Work request:
Repeat, exactly as written, all of the entries, but not their pictures.

Given entries:

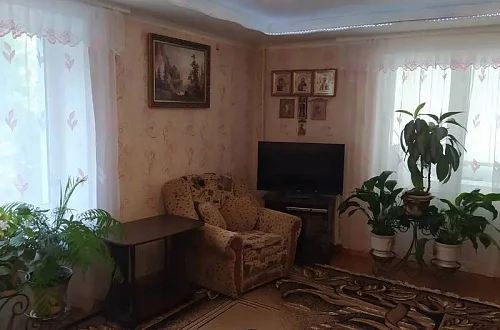 2х-комнатная квартира Фото: 4 из 12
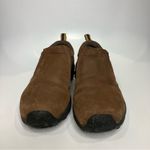 Merrell  women’s‎ jungle Moc shoes Leather size 10 Photo 1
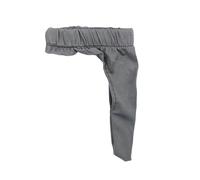 Kaeltsyn Durability Polyester Bowling Finger Sleeves Secure Grip Wicking Technology for Sports Training Travel Friendly Bowling Thumb Guard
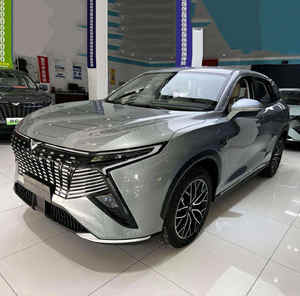 SUV de Luxe 1.6T 7 Places HYBRIDE 2025 d'occasion à vendre – Véhicule à Énergie Nouvelle, sans accident et prêt à l'emploi - Product Image 1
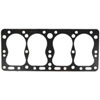 Cylinder Head Gasket AC Case IHC-Tk Ko MF Wau FC FK C5 D5 FC132 FKJ 5KW FCK FCL FCX ENGS - image 1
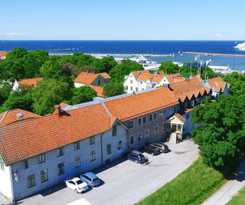 Hotel Best Western Solhem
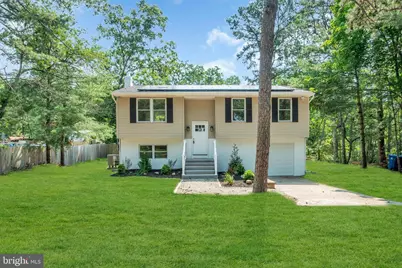 5 Maryland Trail, Browns Mills, NJ 08015 - Photo 1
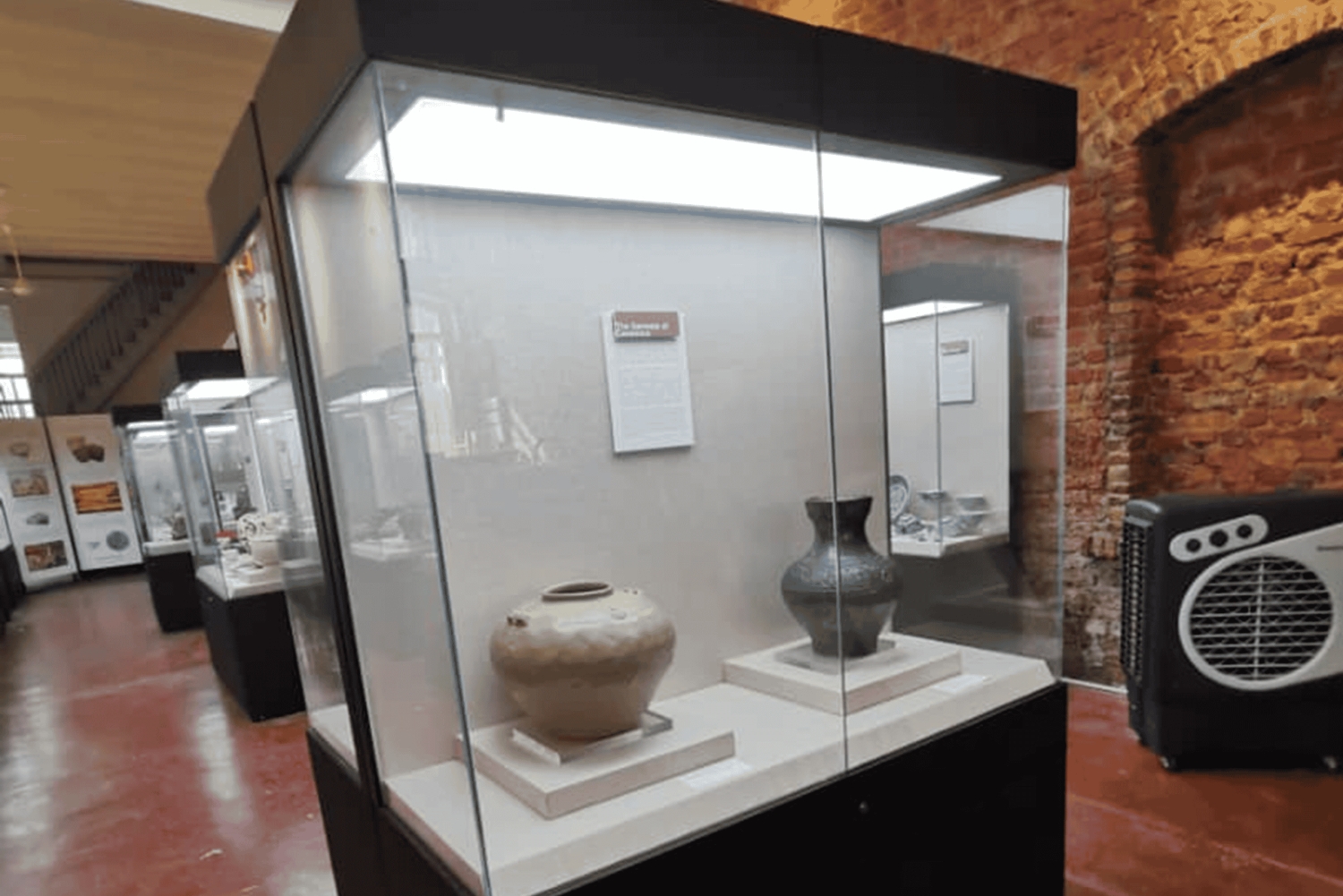 Penang : Biglietto d'ingresso per il Museo dello Stretto e dell'Oriente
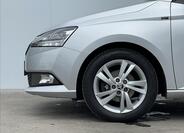 Škoda Fabia 20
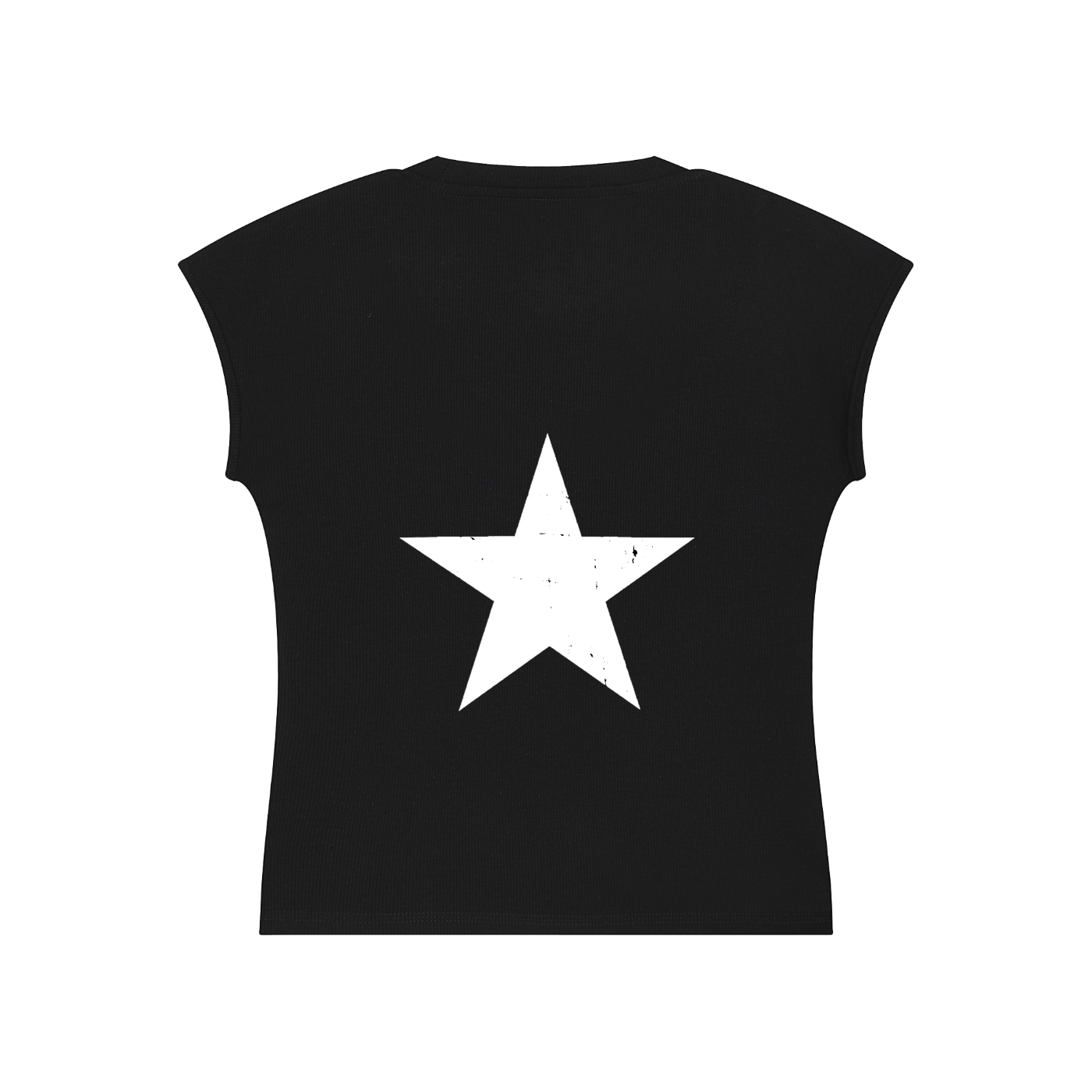 Sunday RIBBED Tank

Solved problem:
 2х-комнатная квартира Фото: 4 из 12
 Merrell  women’s‎ jungle Moc shoes Leather size 10 Photo 1
 Kaeltsyn Durability Polyester Bowling Finger Sleeves Secure Grip Wicking Technology for Sports Training Travel Friendly Bowling Thumb Guard
 SUV de Luxe 1.6T 7 Places HYBRIDE 2025 d'occasion à vendre – Véhicule à Énergie Nouvelle, sans accident et prêt à l'emploi - Product Image 1
 Cylinder Head Gasket AC Case IHC-Tk Ko MF Wau FC FK C5 D5 FC132 FKJ 5KW FCK FCL FCX ENGS - image 1
 Hotel Best Western Solhem
 5 Maryland Trail, Browns Mills, NJ 08015 - Photo 1
 Penang : Biglietto d'ingresso per il Museo dello Stretto e dell'Oriente
 Škoda Fabia 20
 Sunday RIBBED Tank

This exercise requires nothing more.